Investing.com - The euro rose against the dollar on Thursday after data revealed the U.S. economy contracted more than expected during the first quarter, though nuggets of positive numbers in the report cushioned the greenback's losses.
In U.S. trading, EUR/USD was up 0.10% at 1.3606, up from a session low of 1.3586 and off a high of 1.3626.
The pair was likely to find support at 1.3586, the earlier low, and resistance at 1.3668, Tuesday's high.
The Bureau of Economic Analysis revealed earlier that the U.S. gross domestic product contracted 1.0% in the first quarter, after a preliminary estimate showed growth of 0.1%.
Market expectations had been for a 0.5% contraction.

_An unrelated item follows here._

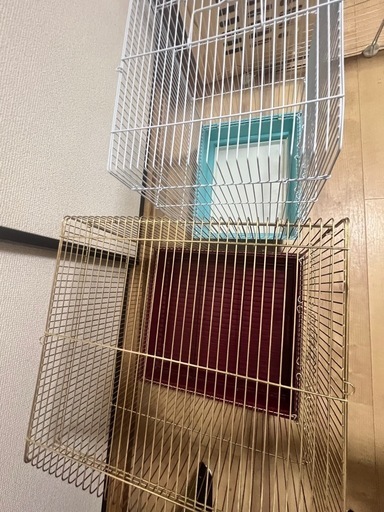 鳥ケージ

It was the first decline in U.S. GDP since the first quarter of 2011, and the dollar softened on the news, reminding investors that even when the Federal Reserve winds down stimulus programs, rate hikes won't come for some time afterwards.
Still, the report did contain some positive data.
Consumer spending, which drives more than two-thirds of U.S. economic activity, increased by 3.1%, up from the preliminary estimate of 3.0%.
Sentiments that rough winter weather bruised the economy in the first three months of the year as opposed to a major drop in demand supported the greenback as well.
Elsewhere, the National Association of Realtors reported that its pending home sales index rose 0.4% in April, missing expectations for a 1% gain.
Separately, the Department of Labor said the number of individuals filing for unemployment assistance in the U.S. last week fell by 27,000 to 300,000, exceeding expectations for a decline of 9,000.
The euro was up against the pound, with EUR/GBP up 0.06% at 0.8139, and down against the yen, with EUR/JPY down 0.14% at 138.22.
On Friday in the euro zone, Germany is to publish a report on retail sales. Elsewhere in Europe, Switzerland is to publish its KOF economic barometer.
The U.S. is to round up the week with a report on personal income and expenditure as well as revised data from the University of Michigan on consumer sentiment.